Entretien réalisé par Ping Huang (8) le 7 août 2018.

Notes

(1) L’Académie des sciences de Chine (Chinese Academy of Science – CAS) est l’organe consultatif suprême de la Chine pour les politiques de la science et de la technologie. En tant que membre du Groupe d’experts pour le Dialogue d’innovation Chine-États-Unis, le professeur Mu Rongping a participé à plusieurs réunions de haut niveau entre la Chine et les États-Unis.

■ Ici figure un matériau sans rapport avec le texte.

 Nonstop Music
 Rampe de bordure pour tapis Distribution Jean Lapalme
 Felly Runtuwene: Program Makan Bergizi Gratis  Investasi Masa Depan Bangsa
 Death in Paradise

(2) Accusée d’avoir violé les embargos sur l’Iran et la Corée du Nord, la société ZTE – numéro quatre mondial des équipementiers en télécommunications – a versé, en juillet 2018, une amende d’un milliard de dollars et un dépôt de garantie de 400 millions au gouvernement des États-Unis, en échange d’une levée de l’interdiction d’achat de composants américains pendant sept ans, une telle interdiction pouvant mettre en péril la survie de l’entreprise.

(3) Le résultat du « septième » est obtenu selon l’indicateur du PIB par habitant, qui compare les productions de chacun en valeur absolue. Selon les données de la Banque mondiale, en 2017, le PIB par habitant de la Chine s’est élevé à 8827 dollars, tandis que celui des États-Unis a été de 59 531,7 dollars.

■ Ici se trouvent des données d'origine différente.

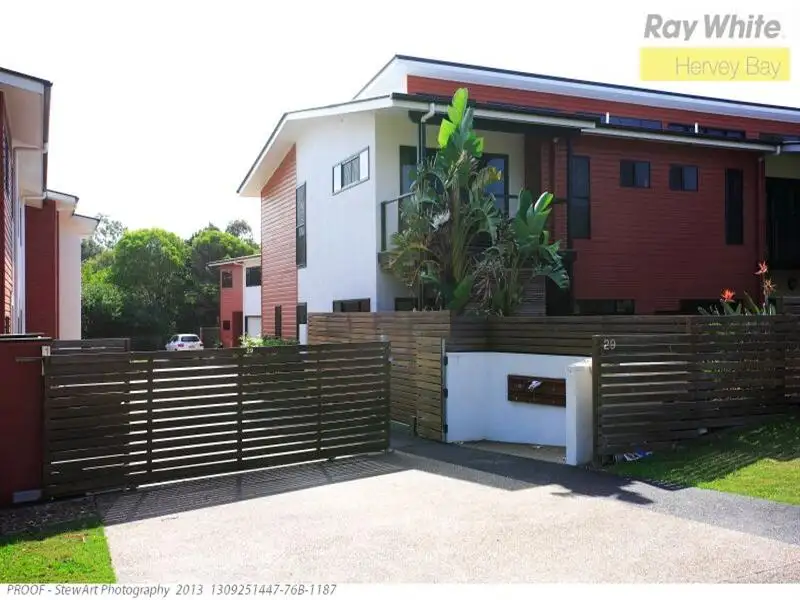 Main view of Homely unit listing, 2 and 5/29 Tavistock St, Torquay QLD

(4) En 2017, la valeur cumulée des IDE américains en Chine a atteint 256 milliards de dollars, tandis que les IDE chinois aux États-Unis ont totalisé 140 milliards de dollars (source : https://​rhg​.com/​r​e​s​e​a​r​c​h​/​t​w​o​-​w​a​y​-​s​t​r​e​e​t​-​2​0​1​8​-​u​p​d​a​t​e​-​u​s​-​c​h​i​n​a​-​d​i​r​e​c​t​-​i​n​v​e​s​t​m​e​n​t​-​t​r​e​n​ds/).

(5) La Chine représente la deuxième plus importante source de profit pour GM, derrière le marché américain.

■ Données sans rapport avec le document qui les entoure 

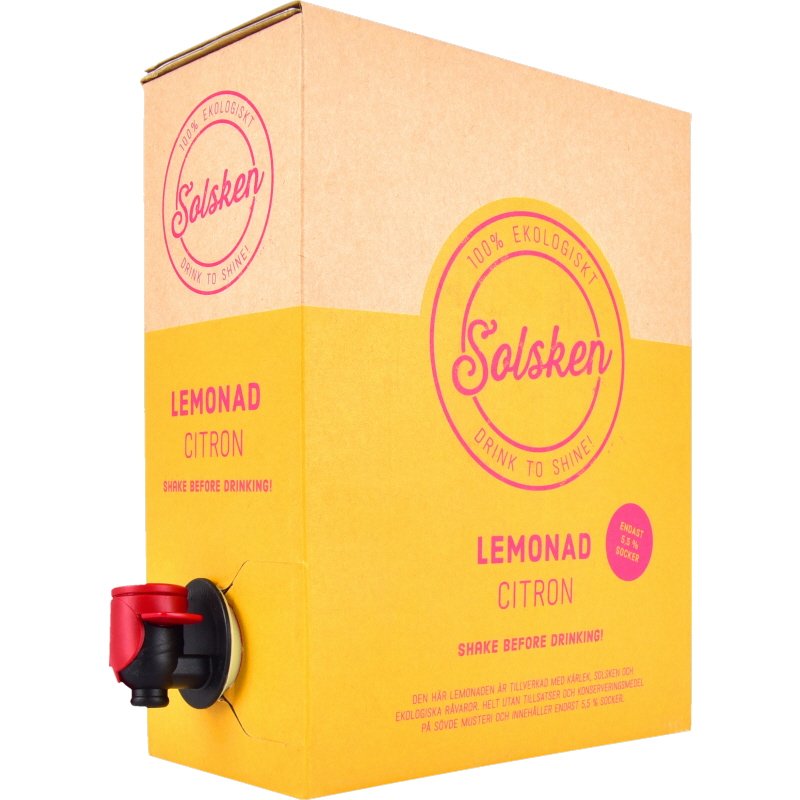 Eko Citron Lemonad - 20% rabatt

(6) Lors des négociations sur la propriété intellectuelle, l’Inde a pu bénéficier des avantages accordés aux pays en développement, qui lui permettent de produire un certain nombre de génériques à bas coût. Des traitements spécifiques en faveur de pays en développement n’ont pas été appliqués pour la Chine pendant ses négociations avec les États-Unis.

(7) Ping Huang, « Élection américaine : ce qu’en pensent les Chinois », La Presse +, édition du 30 août 2016.

(8) Ping Huang, Ph.D., Institut d’études internationales de Montréal, UQAM.

Légende de la photo en première page : Démonstration de robots au Beijing International Consumer Electronic Expo en juillet 2017. 
Ce mois-ci, Pékin annonçait son ambition de devenir le numéro un mondial dans le domaine de l’intelligence artificielle d’ici 2025. Alors qu’un rapport de CB Insights indiquait qu’en 2017 la Chine a attiré 48 % des investissements mondiaux en intelligence artificielle – contre 38 % pour les USA et 13 % pour le reste du monde –, le directeur exécutif de la maison-mère de Google, Eric Schmidt, estime que les États-Unis devraient rester en tête dans le secteur de l’IA pendant les cinq prochaines années, mais à partir de là, les deux pays seront « à peu près au même niveau ». (© Shutterstock/testing)

Article paru dans la revue Les Grands Dossiers de Diplomatie n°47, « Vers une guerre commerciale mondiale ? », octobre-novembre 2018.